Feed and residual use is up based mostly on a larger crop and lower expected prices. Exports are raised reflecting U.S. export competitiveness and expectations of reduced competition from Brazil. With supply rising faster than use, ending stocks are raised 132 million bushels to 1.7 billion. The season-average corn price received by producers is down 20 cents at the midpoint at a range of $3.10 to $4.10 per bushel.

Sorghum production is forecast 19 million bushels higher with the forecast yield 3.6 bushels per acre above last month’s projection. Sorghum food, seed, and industrial use is raised reflecting an increase in the amount of sorghum used to produce ethanol. This month’s 2018/19 foreign coarse grain outlook is for lower production, reduced trade, and slightly lower stocks relative to last month. EU corn production is lowered, mostly reflecting reductions for France and Germany that are partially offset by increases for Romania and Bulgaria. Brazil corn production is lowered based on updated expectations for second-crop corn area that will be planted beginningearly 2019. Ukraine corn production is forecast higher, as timely rainfall and lack of excessive heat during reproduction boost yield prospects. Other notable corn production changes include projected increases for Zimbabwe, Serbia, and Moldova, with reductions for Zambia and South Africa. Barley production is lowered for the EU, but raised for Ukraine.

Major foreign coarse grain trade changes for 2018/19 include corn export reductions for Brazil, Zambia, and South Africa that are partially offset by increases for Serbia, Ukraine, and Moldova. Brazil’s corn exports are lowered for 2017/18 based on lower-than-expected shipments observed for the local marketing year beginning in March 2018. Global corn imports for 2018/19 are raised reflecting expectations of record-high imports for the EU that are partially offset by reductions for Vietnam and Zimbabwe. Foreign corn ending stocks are slightly higher relative to last month, mostly reflecting increases for Brazil and Zimbabwe that are largely offset by reductions for Zambia, South Africa, Canada, and Russia.

WHEAT: The outlook for 2018/19 U.S. wheat this month is lower supplies, greater use, and reduced stocks. Wheat production is lowered 4 million bushels to 1,877 million on a slight reduction in winter wheat, durum, and other spring wheat production as indicated by the NASS August Crop Production report.
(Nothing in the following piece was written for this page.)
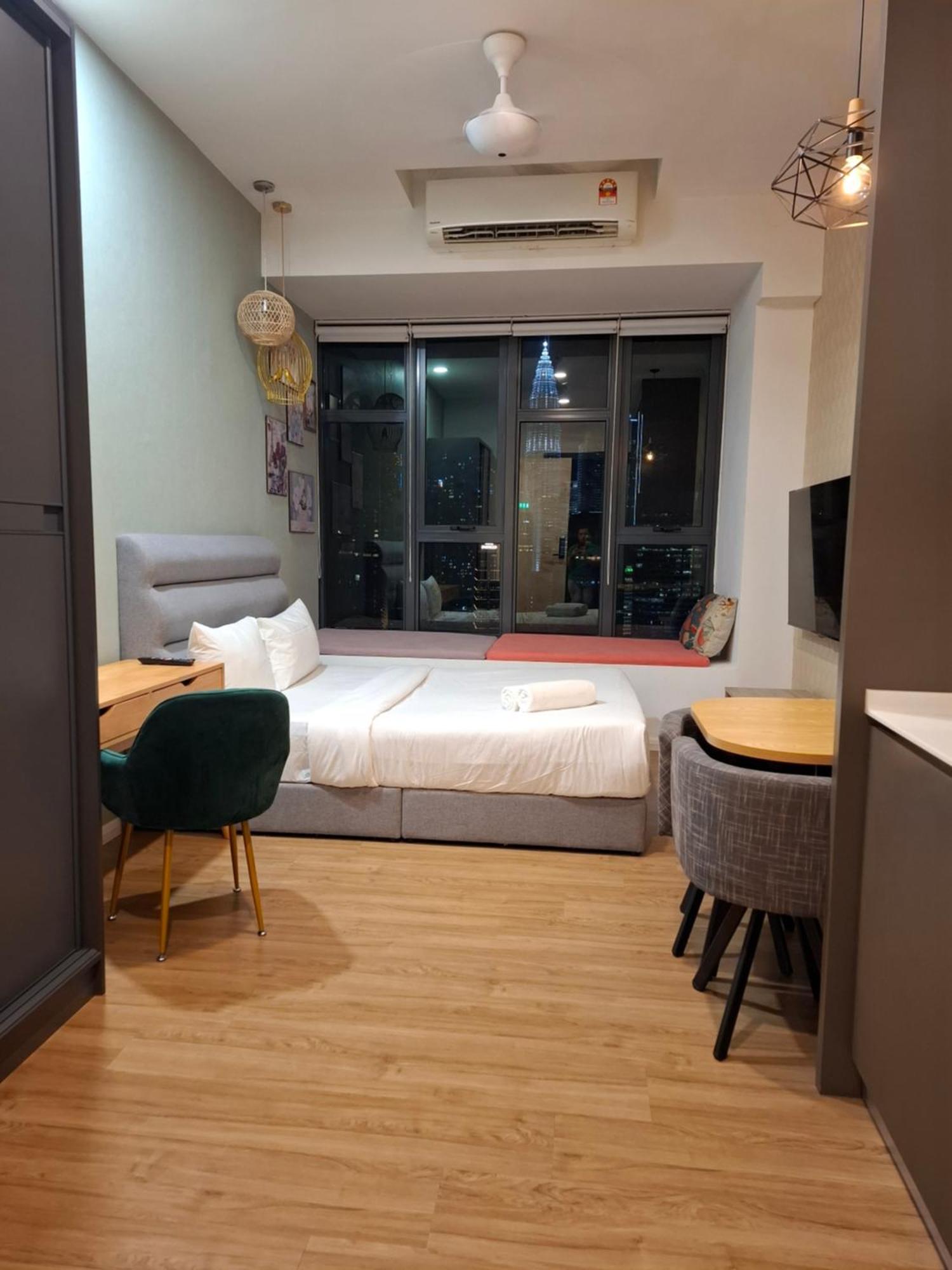 Apartment Ceylonz By Ana Malaysia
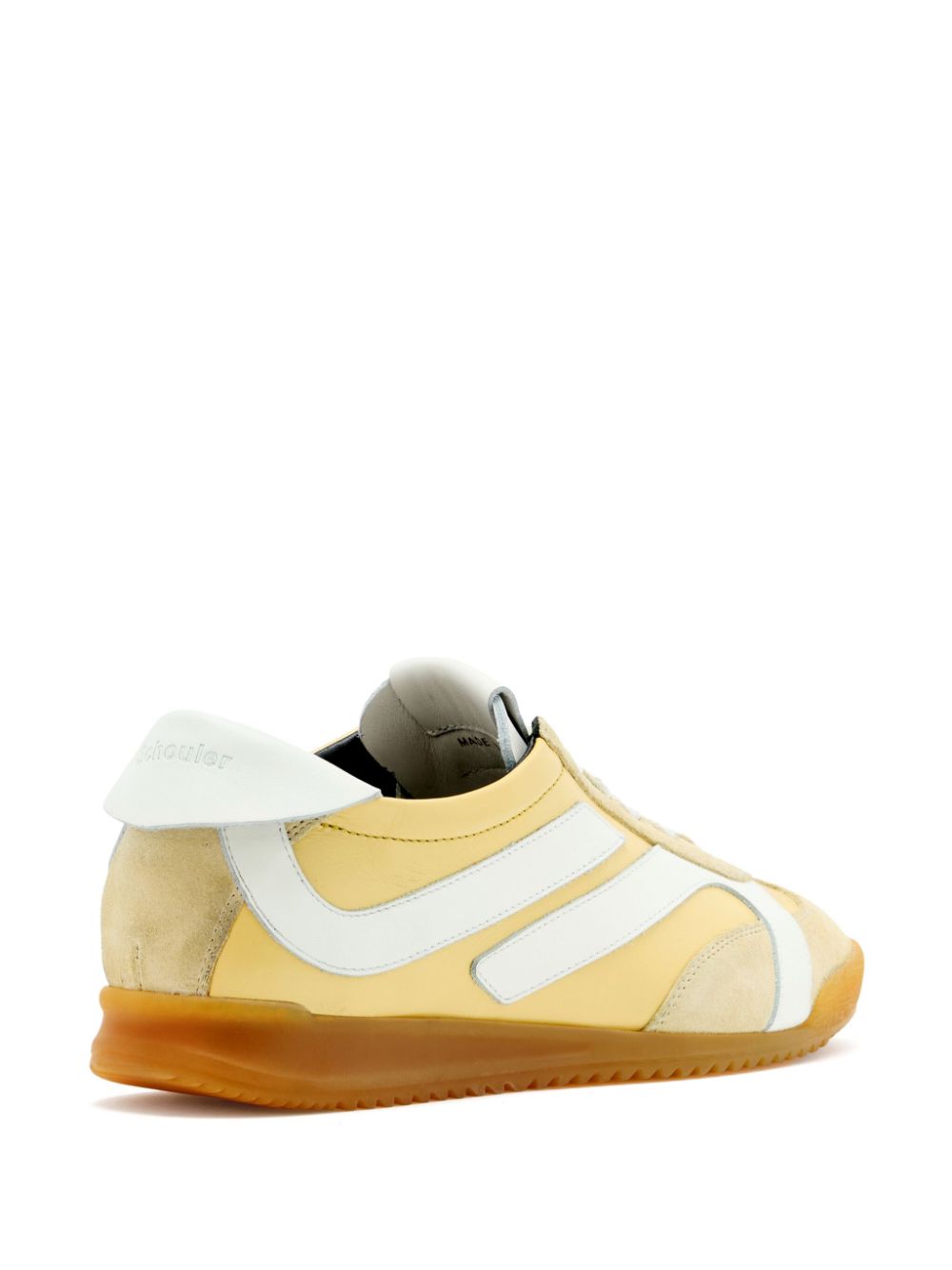 Proenza Schouler Track sneakers Beige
Projected food use is increased by 5 million bushels to 970 million based on the latest NASS Flour Milling Products report. This would be record food use, surpassing 2017/18, which was also revised higher. Projected wheat exports are raised 50 million bushels to 1,025 million on substantially lower exportable supplies for the EU and limited additional export capacity of several other major competitors.


Projected 2018/19 ending stocks are reduced 50 million bushels to 935 million, down 15 percent from last year. The projected season-average farm price is up $0.10 per bushel at the midpoint with the range at $4.60 to $5.60. World 2018/19 wheat supplies are reduced this month by 7.1 million tons, primarily on lower EU production. Continued drought conditions in several northern

European countries, most notably Germany, resulted in lower production, down 7.5 million tons to 137.5 million. This would be the lowest EU wheat production since 2012/13. Russia’s wheat production is increased 1.0 million tons to 68.0 million on continued favorable conditions for spring wheat. Projected global 2018/19 trade is lower, mainly on reduced EU exports, which are down 4.5 million tons to 23.0 million, the lowest in six years. Russia’s exports are increased 1.0 million tons to 35.0 million; Russia is projected to remain the leading world wheat exporter for the second consecutive year. Global imports are lowered for several countries with the largest reduction for Algeria. Projected 2018/19 world consumption is 5.1 million tons lower, primarily on reduced feed use in the EU and Russia. Global ending stocks are down 1.9 million tons to 259.0 million, down 5 percent from last year’s record.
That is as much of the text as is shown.